Les auteurs ne barguignent pas leur engagement en livrant cet album publié aux Éditions les Arènes BD. Parcourir un siècle de création contemporaine relève du défi. Le pari est réussi. Les plus grands artistes de cette période sont évoqués et analysés. Il s’agit de comprendre le contexte historique qui détermine le processus créatif des œuvres et la naissance de mouvements artistiques.

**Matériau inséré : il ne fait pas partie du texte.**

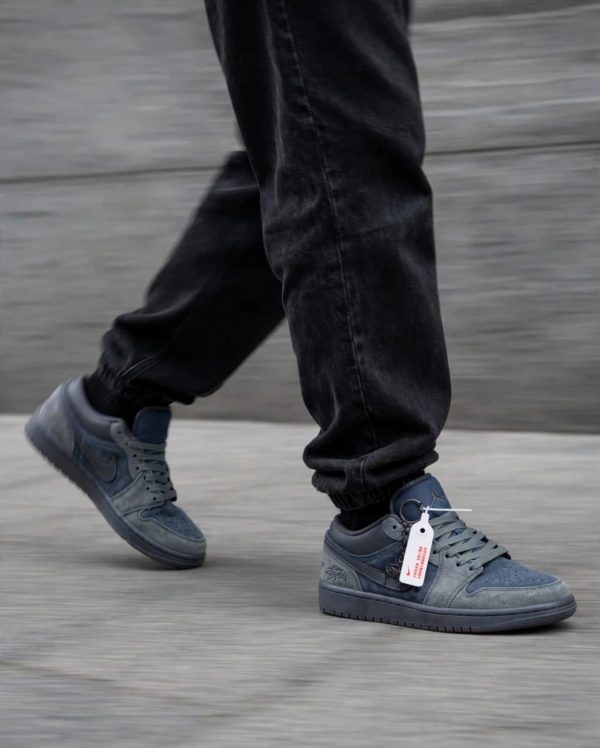 First Copy AIR JORDANS RETRO 1 LOW STUSSY GREY BLUE KEYCHAIN 2026 view 2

Auteur britannique de nombreux ouvrages sur l’art contemporain et la photographie, Robert Shore soigne particulièrement les dialogues qui permettent de présenter et de comprendre les artistes. Illustratrice engagée et reconnue pour son travail sur le féminisme, Eva Rossetti choisit un graphisme simplifié et expressionniste adapté à la période décrite.

Choquer la société et révolutionner la notion d’art

Les prémices sont à chercher dans l’art conceptuel de Marcel Duchamp. Après les horreurs de la Première Guerre mondiale, ce dernier remet en cause l’art classique. Pour lui, l’art qui séduit l’œil, le beau, doit être remplacé par celui qui séduit le cerveau capable d’estimer qualité et beauté. Ainsi un urinoir industriel devient une œuvre choisie par l’artiste, Fontaine. Le Ready-made est né.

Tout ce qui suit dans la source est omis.